Jury deliberation resumes Monday in Boston bombing obstruction trial
The jury weighing obstruction of justice and conspiracy charges against a friend of Boston Marathon bombing suspect Dzhokhar Tsarnaev will resume deliberations Monday, with a verdict expected this week.
Boston marathon bombing suspect Dzhokhar Tsarnaev (R) poses with Azamat Tazhayakov (L) and Dias Kadyrbayev in an undated photo taken in New York. Credit: vk.com/Reuters
The jury weighing obstruction of justice and conspiracy charges against a friend of Boston bombing suspect Dzhokhar Tsarnaev will resume deliberations Monday, with a verdict expected this week.
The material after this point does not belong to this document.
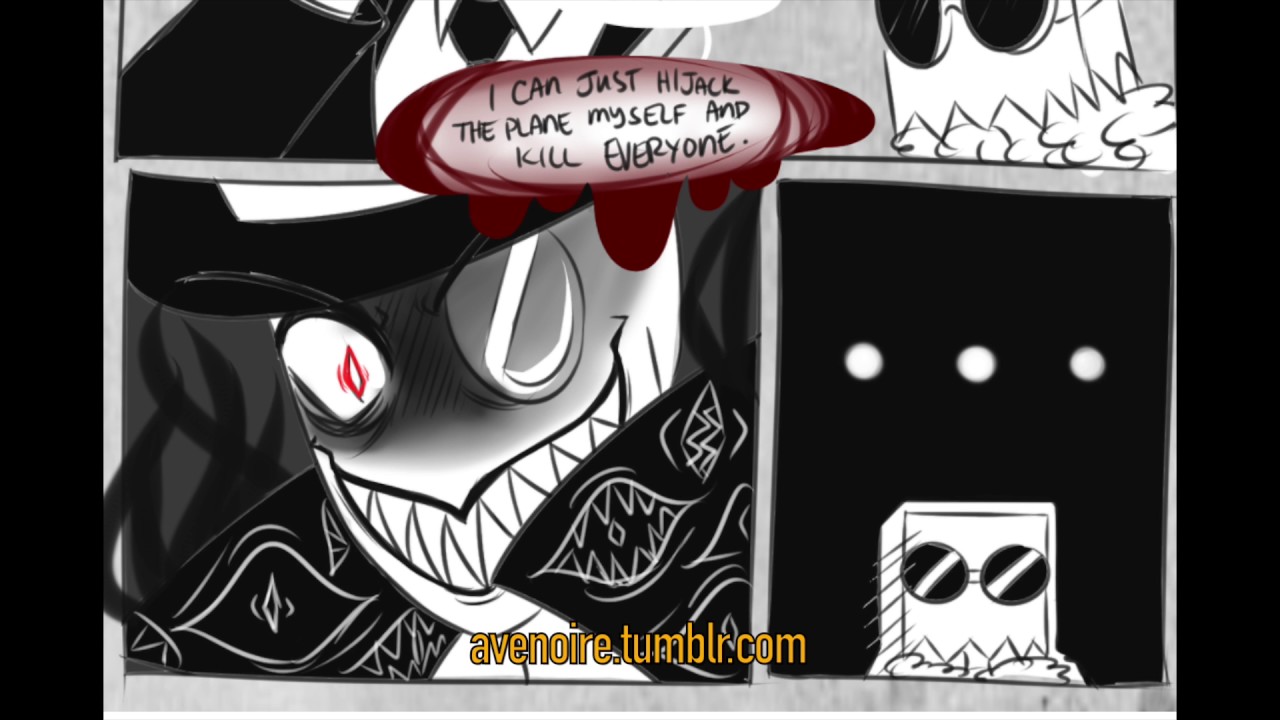 Black Hat is Only Kidding... - Villainous Comic Dub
Azamat Tazhayakov, a Kazakh exchange student, is the first of three of Tsarnaev's friends to be charged with interfering in authorities' investigation into the April 15, 2013, attack that killed three people and injured 264.
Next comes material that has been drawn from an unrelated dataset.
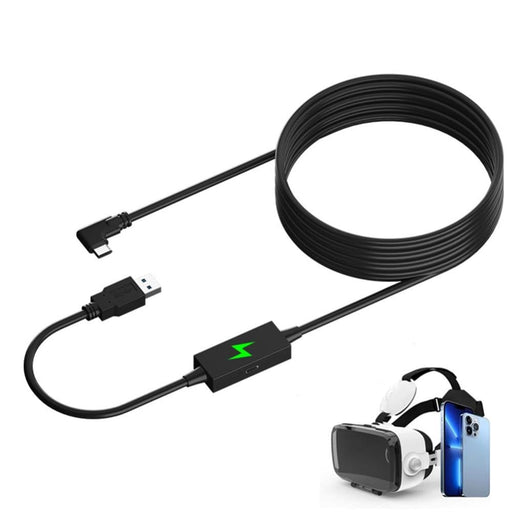 5m Usb To Type c Vr Headset Cable For Meta Quest Pro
Jurors adjourned after a second day of deliberations on Thursday.
Tazhayakov is accused along with his friend Dias Kadyrbayev of removing a laptop computer and backpack containing empty fireworks shells from Tsarnaev's college dorm room during a manhunt three days after the attack.
The jury began deliberations on Wednesday after six days of testimony. In their closing arguments, the prosecutors and defense attorneys etched conflicting portraits of Tazhayakov.
Prosecutors contended that Tazhayakov, now 20, set out to help Tsarnaev when he and two other friends, Dias Kadyrbayev and Robel Phillipos, removed the items from Tsarnaev's dorm room, hours after the FBI had released photos of Tsarnaev and his brother as suspects in the case.
But the defense argued that Tazhayakov was a college student who did not understand the possible consequences of his actions. Defense attorneys also contended that Kadyrbayev, not Tazhayakov, later put the backpack into a dumpster, while Tazhayakov and Phillipos watched a movie.
Tazhayakov could face up to 25 years in prison if convicted of obstruction of justice and conspiracy. Kadyrbayev is awaiting trial on the same charges. Phillipos is facing a lesser charge of lying to investigators.
U.S. District Judge Douglas Woodlock, noting that one of the jurors had complained of illness, dismissed the jury until Monday.